Important Points in Asaadaarana-Vyavahara

  • When one complaint has been filed against a person, another one against him/her cannot be filed till the present case is disposed off.
  • The plaintiff cannot alter his version. No change in subject matter or the nature of the suit will be entertained.
  • If there is any change in version in cases of assault or violence, the case gets dismissed. But in cases of disputes relating to cattle, women, land, immovable, recovery of debt, the case is not dismissed but the plaintiff is liable for punishment for changing the version.
  • Both plaintiff and defendant have to produce a surety [pratibhu]. A person who assumes responsibility for the plaintiff or the defendant is called pratibhu.
  • If the defendant loses then he pays what is due to the plaintiff and an equal amount of money to the king.
  • If the plaintiff loses then he will pay that amount to the king.
  • Nomads, those who lick their lips (i.e.,  to show eagerness or pleasure about a future event), whose foreheads perspire, whose form becomes changed in colour, who stammers, who talks inconsistently, who has born mental deformity, etc. cannot be a complainant or a witness.
  • In case of gifts purvavadi has the right. The one who got it first has the right over it. Suppose the gifted property has been purchased by another person or the king and then gifted to someone else then the first claimant has no right over it.
  • If a wager (bet amount) is involved in a dispute then the losing party shall pay the disputed amount; wager; and also a fine to the king.
  • Of a set of complaints if a false denial is proved against a defendant in at least one of the cases, then the defendant is made to admit all the other complaints too.
  • Rules of dharmashastra prevail over arthashastra.
  • Pramana or evidence has to be written down by the plaintiff.

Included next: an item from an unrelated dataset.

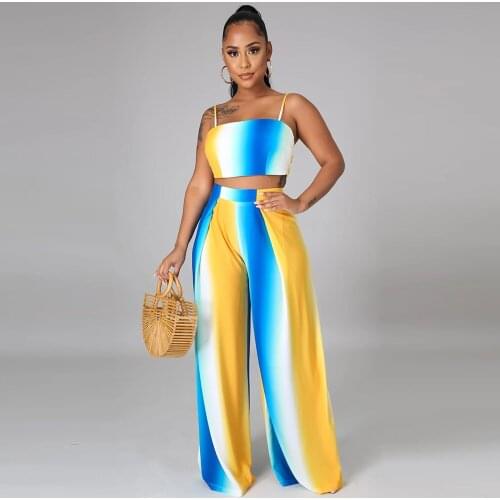Women Tracksuit Gradient Color Matching Set 2021 Summer Spaghetti Strap Slim Fit Crop Top and Loose Wide Leg Trouser Co-ord Set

Evidence may be manava [human] and divya [divine].
  • Human evidence is of 3 kinds, likhitam [written as in sale deed], bhukti [possession] and sakshi [witness]. Human evidence is greater than divine.
  • Written evidence: if both have it then, in civil disputes regarding property, evidence in support of later transaction prevails [i.e., the ownership deed with later date]. In cases of pledge, gift or a sale, the evidence in support of the earlier claim prevails.
  • If a person has not objected to another person enjoying his land for 20 years, then the former loses his right over the property. In cases of animals like horse and elephant, the period is 10 years.
  • This is not applicable in case of pledges.
  • Title [agama] and possession [bhukti] are 2 things. Title is superior to possession except when possession has descended down a line of ancestors. If it is 4th generation or more then possession is superior even without title.
  • Title without a possession for even a short period is invalid. This is to cover the cases of a gift that was never accepted.
  • Invalid transactions include those done by force, brought forth by women at night, with intoxicated persons, mad man, oppressed by disease, misery, frightened and transaction against a servant without the permission of his master are all invalid.
  • Lost and recovered property goes to king unless the claimant gives proper identification of it.
  • Wealth recovered from robbers shall be distributed to the people of the country.

[Exam Quotations from २. असाधारणव्यवहारमातृकाप्रकरणम्]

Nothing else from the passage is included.